#### [Work request]
Transcribe every record verbatim; no pictures.

#### [Provided records]
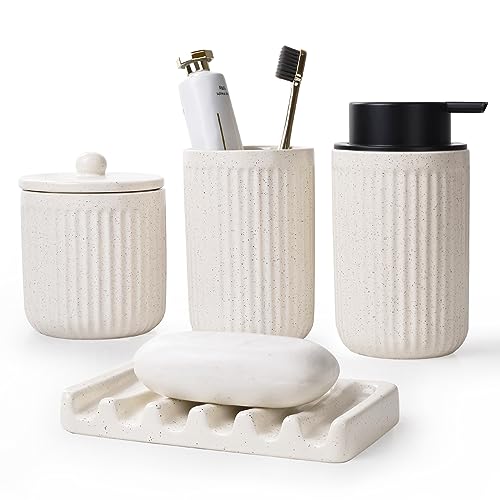 BosilunLife Striped Beige Ceramic Bathroom Accessories Set of 4 | Bathroom Decor Sets Accessories Bathroom Lotion Soap Dispenser and Toothbrush Holder Set, Soap Dish, Apothecary Jars.(Liquid) - color: Beige-liquid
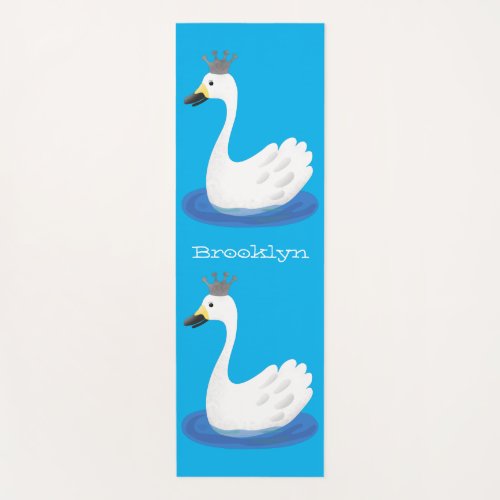 Cute white swan with crown cartoon yoga mat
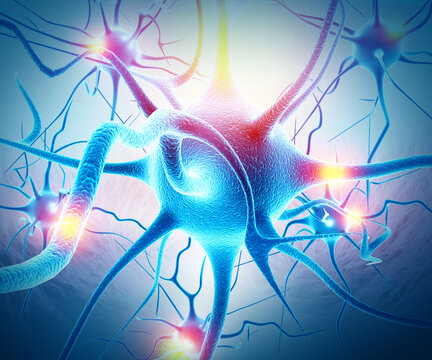 Neurons on scientific background. 3d illustration
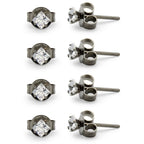 Cubic Zirconia Square Silver Stud Earrings Set Of 4 Stainless Steel Jewelry Men Women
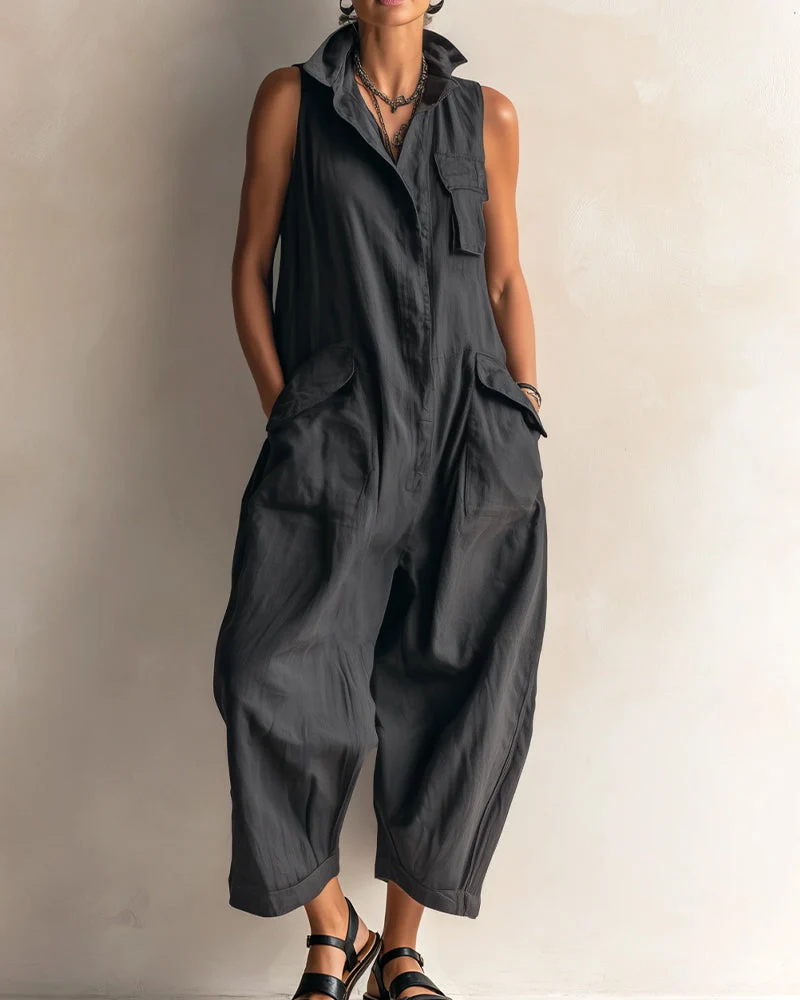 Jumpsuit Revers Sans Manches Poche Cargo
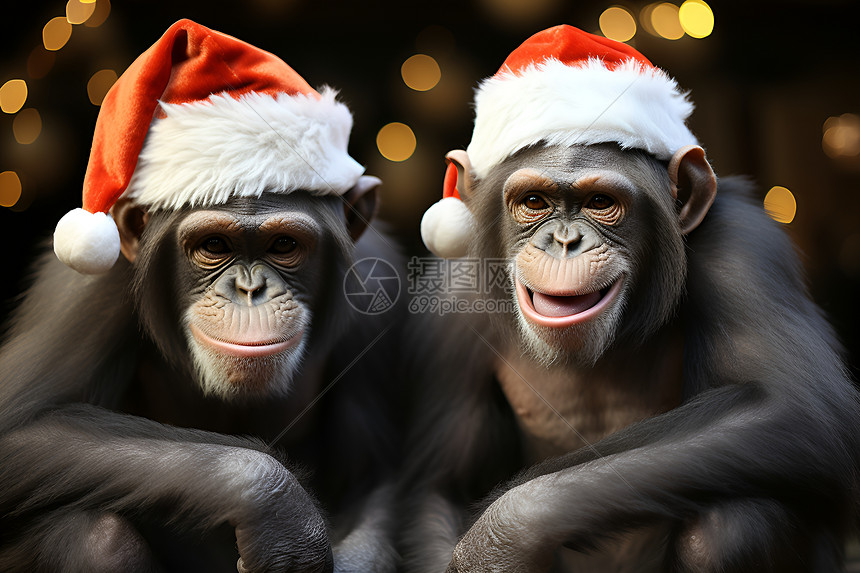 戴着圣诞帽的猩猩图片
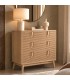Cómoda pequeña madera natural dorado estilo art decó Mdmhogar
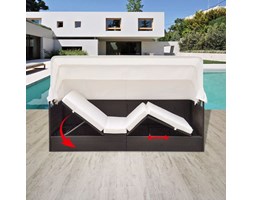 vidaXL Sofa ogrodowa z zadaszeniem, polirattan, brązowa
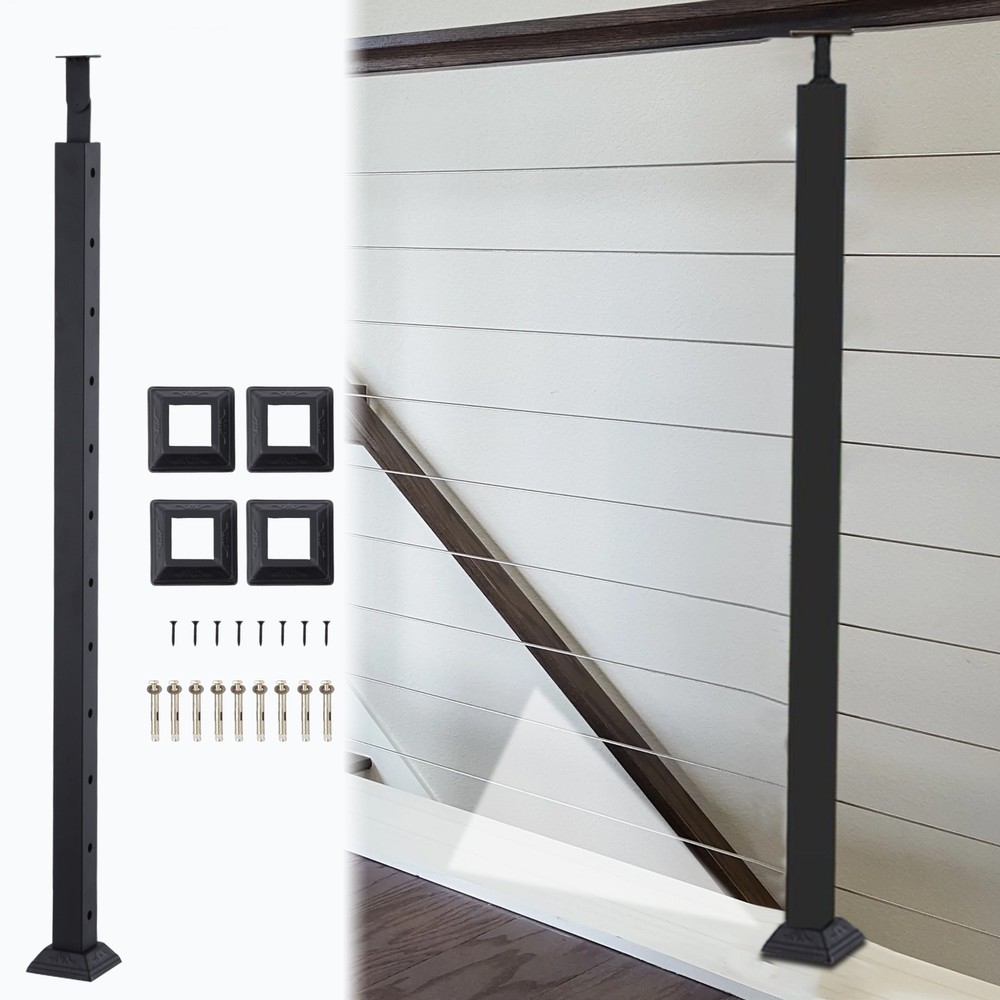 42" Cable Railing Post, Matte Black Stainless Steel Level Drilled Railing Post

#### [Result of the exercise]
 BosilunLife Striped Beige Ceramic Bathroom Accessories Set of 4 | Bathroom Decor Sets Accessories Bathroom Lotion Soap Dispenser and Toothbrush Holder Set, Soap Dish, Apothecary Jars.(Liquid) - color: Beige-liquid
 Cute white swan with crown cartoon yoga mat
 Neurons on scientific background. 3d illustration
 Cubic Zirconia Square Silver Stud Earrings Set Of 4 Stainless Steel Jewelry Men Women
 Jumpsuit Revers Sans Manches Poche Cargo
 戴着圣诞帽的猩猩图片
Cómoda pequeña madera natural dorado estilo art decó Mdmhogar
 vidaXL Sofa ogrodowa z zadaszeniem, polirattan, brązowa
 42" Cable Railing Post, Matte Black Stainless Steel Level Drilled Railing Post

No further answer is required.